[Illustration: Wykeham’s chantry]
This was more than the heads of the Church could stand, especially as the original charge was an unjust one; so at the ensuing meeting of Convocation, Courtenay, then Bishop of London, declared boldly that unless their favourite bishop was reinstated in office, no money would be forthcoming from the clergy. In less than a month the pressing need of funds caused the King to send a messenger to Waverley and beg Wykeham to return to his house at Southwark. This was the first step, which, however, did not mean an immediate return to the temporalities, as these had been settled on the youthful heir apparent, Richard; but the people took up Wykeham’s cause, and on June 18, 1377, in the presence of the little Richard, his uncle, and the King’s council, Wykeham promised to fit out three galleys for sea, in return for the temporalities of Winchester. Two days later Edward III died, forsaken by his mistress, Alice Perrers, and estranged from the one man who had served him so long and so faithfully.

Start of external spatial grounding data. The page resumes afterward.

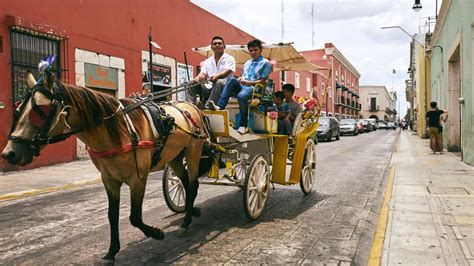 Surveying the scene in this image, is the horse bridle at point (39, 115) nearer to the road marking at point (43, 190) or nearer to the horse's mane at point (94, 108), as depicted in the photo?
the horse's mane at point (94, 108)

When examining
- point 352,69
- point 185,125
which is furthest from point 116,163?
point 352,69

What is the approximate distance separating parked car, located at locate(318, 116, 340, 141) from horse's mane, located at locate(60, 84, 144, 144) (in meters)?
22.0

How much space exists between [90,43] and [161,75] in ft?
13.2

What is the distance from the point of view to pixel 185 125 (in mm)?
4969

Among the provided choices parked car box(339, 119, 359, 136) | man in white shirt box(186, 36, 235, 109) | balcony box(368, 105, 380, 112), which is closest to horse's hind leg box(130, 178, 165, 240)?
man in white shirt box(186, 36, 235, 109)

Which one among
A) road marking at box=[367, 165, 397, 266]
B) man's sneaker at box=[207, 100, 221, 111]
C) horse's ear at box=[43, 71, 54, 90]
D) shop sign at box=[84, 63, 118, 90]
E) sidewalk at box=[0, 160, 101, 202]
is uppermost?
shop sign at box=[84, 63, 118, 90]

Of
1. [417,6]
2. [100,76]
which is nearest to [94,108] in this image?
[100,76]

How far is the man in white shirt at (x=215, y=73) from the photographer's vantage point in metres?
5.91

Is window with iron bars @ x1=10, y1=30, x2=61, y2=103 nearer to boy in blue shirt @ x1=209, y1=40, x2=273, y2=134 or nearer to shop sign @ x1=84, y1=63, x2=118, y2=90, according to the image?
shop sign @ x1=84, y1=63, x2=118, y2=90

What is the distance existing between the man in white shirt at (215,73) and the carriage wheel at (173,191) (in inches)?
43.7

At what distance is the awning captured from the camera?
282 inches

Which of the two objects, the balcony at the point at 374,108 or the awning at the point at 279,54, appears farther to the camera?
the balcony at the point at 374,108

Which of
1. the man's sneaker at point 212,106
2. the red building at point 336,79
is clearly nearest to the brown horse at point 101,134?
the man's sneaker at point 212,106

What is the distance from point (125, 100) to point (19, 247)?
201 cm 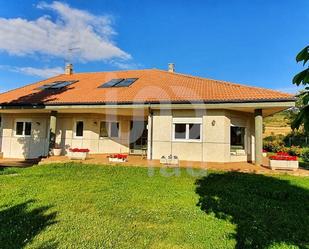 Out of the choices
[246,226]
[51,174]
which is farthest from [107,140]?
[246,226]

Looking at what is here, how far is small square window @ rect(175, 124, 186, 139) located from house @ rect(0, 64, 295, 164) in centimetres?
6

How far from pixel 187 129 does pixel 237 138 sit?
3.44m

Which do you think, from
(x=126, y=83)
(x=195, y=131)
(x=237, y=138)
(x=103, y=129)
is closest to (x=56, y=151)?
(x=103, y=129)

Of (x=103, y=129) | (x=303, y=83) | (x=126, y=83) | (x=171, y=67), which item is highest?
(x=171, y=67)

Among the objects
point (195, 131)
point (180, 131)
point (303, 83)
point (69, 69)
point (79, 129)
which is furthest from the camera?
point (69, 69)

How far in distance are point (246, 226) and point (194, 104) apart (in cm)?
906

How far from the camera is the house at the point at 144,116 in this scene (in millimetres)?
15297

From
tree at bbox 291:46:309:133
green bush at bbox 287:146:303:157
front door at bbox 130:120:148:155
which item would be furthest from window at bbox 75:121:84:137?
green bush at bbox 287:146:303:157

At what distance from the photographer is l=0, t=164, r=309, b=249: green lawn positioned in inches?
230

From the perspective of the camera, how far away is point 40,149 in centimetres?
2020

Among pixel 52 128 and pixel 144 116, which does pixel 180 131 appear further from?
pixel 52 128

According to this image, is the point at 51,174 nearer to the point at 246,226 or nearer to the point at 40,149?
the point at 40,149

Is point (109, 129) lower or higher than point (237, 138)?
higher

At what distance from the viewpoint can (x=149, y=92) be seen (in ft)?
56.6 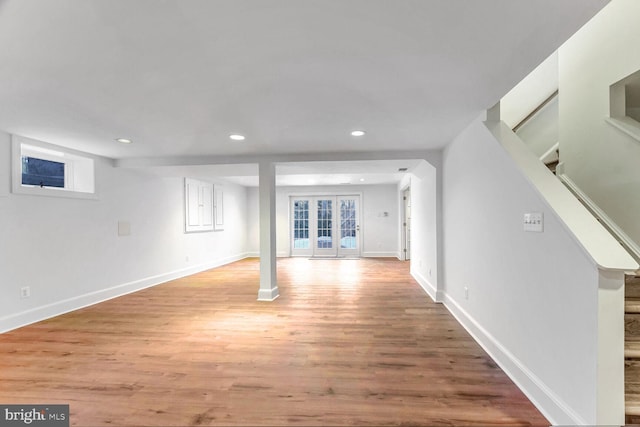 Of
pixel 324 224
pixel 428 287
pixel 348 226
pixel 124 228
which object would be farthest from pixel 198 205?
pixel 428 287

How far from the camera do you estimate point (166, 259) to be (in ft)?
17.9

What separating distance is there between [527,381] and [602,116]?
7.83 ft

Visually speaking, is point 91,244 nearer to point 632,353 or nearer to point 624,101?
point 632,353

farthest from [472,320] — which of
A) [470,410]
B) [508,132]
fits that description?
[508,132]

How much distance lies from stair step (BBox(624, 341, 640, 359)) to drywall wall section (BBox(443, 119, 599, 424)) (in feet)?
1.18

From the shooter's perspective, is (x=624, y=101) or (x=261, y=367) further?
(x=624, y=101)

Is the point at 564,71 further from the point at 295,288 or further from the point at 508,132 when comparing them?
the point at 295,288

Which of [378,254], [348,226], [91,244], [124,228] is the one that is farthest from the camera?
[348,226]

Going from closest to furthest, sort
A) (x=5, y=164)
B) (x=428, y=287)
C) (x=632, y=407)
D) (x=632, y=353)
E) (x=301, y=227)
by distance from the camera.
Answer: (x=632, y=407) < (x=632, y=353) < (x=5, y=164) < (x=428, y=287) < (x=301, y=227)

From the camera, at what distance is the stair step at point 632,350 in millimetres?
1568

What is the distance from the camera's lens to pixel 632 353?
1574 millimetres

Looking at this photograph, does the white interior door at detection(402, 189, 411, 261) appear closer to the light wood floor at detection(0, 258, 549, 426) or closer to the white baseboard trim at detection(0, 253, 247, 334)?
the light wood floor at detection(0, 258, 549, 426)

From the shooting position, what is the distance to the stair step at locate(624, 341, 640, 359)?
61.7 inches

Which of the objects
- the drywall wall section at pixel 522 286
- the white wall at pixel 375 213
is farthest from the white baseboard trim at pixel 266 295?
the white wall at pixel 375 213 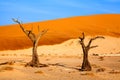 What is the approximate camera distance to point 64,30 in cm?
8325

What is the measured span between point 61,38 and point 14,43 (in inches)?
313

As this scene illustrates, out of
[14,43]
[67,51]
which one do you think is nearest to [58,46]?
[67,51]

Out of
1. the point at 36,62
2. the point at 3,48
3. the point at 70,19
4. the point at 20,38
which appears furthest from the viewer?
the point at 70,19

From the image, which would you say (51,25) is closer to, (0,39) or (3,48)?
(0,39)

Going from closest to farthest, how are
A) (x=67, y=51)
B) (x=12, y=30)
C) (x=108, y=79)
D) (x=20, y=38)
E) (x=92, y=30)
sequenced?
(x=108, y=79)
(x=67, y=51)
(x=20, y=38)
(x=92, y=30)
(x=12, y=30)

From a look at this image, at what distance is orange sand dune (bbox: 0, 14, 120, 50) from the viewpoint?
6790 centimetres

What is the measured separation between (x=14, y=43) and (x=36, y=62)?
3370cm

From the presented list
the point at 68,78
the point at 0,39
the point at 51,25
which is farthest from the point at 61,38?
the point at 68,78

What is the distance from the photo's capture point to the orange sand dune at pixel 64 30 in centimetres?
6790

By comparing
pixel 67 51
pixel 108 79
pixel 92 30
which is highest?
pixel 92 30

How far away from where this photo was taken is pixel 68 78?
80.2 ft

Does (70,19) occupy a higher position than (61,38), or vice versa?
(70,19)

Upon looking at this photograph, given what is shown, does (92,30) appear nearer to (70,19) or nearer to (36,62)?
(70,19)

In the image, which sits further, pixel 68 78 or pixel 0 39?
pixel 0 39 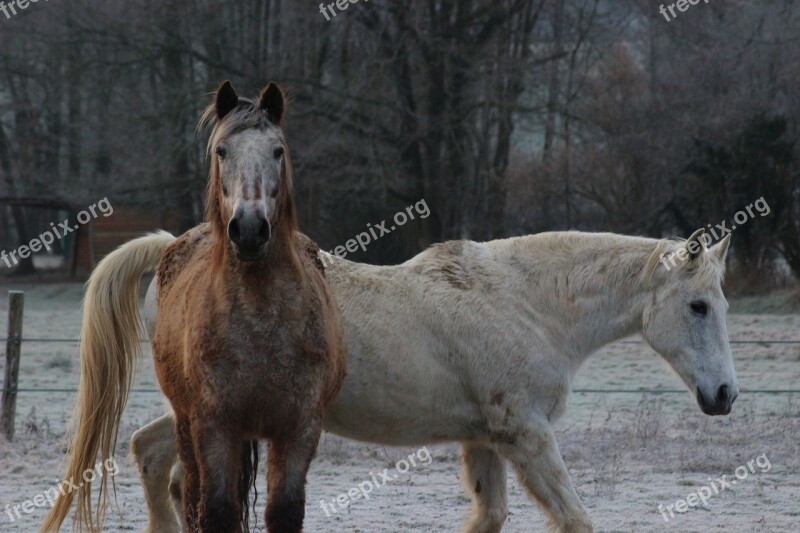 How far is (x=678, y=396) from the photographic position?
1005cm

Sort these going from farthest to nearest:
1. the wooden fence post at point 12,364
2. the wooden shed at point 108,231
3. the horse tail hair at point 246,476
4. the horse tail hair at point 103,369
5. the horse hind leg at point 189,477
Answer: the wooden shed at point 108,231 < the wooden fence post at point 12,364 < the horse tail hair at point 103,369 < the horse tail hair at point 246,476 < the horse hind leg at point 189,477

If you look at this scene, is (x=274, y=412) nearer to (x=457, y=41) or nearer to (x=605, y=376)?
(x=605, y=376)

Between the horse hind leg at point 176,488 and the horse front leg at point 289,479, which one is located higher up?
the horse front leg at point 289,479

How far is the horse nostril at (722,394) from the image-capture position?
15.8ft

The architectural genius of Wykeham as exhibited at St. Mary’s College and the cathedral at Winchester, and at New College, Oxford, originally founded as “St. Maries’ College of Winchester at Oxenford”, marks a very decided epoch in the development of English architecture. His works, in an architectural style found nowhere but in England, are the outcome of a mind free from triviality, and full of common sense. His buildings are admirably suited to their purpose, and at first sight they appear to be so simple in design that it has been suggested that Wykeham cared more for the constructive than the artistic side of building. It is true that he considered sound construction and good proportions of greater importance than a profusion of detail, yet such ornament as is found in his work is highly effective and most carefully studied. To this bishop-architect we undoubtedly owe much of the dignity and simplicity which mark the Early Perpendicular buildings, qualities which make the style such a contrast to the exuberance of that which immediately preceded it, or the over-elaboration of the Tudor buildings that followed it.
With few exceptions, practically the whole of Wykeham’s work, both here and at Oxford, remains much as he left it; so that, good bishop, wise administrator, generous founder, and pioneer educationist though he was, it is mainly as a munificent builder and architectural genius that his fame has lived in the past, and will continue to live in the future.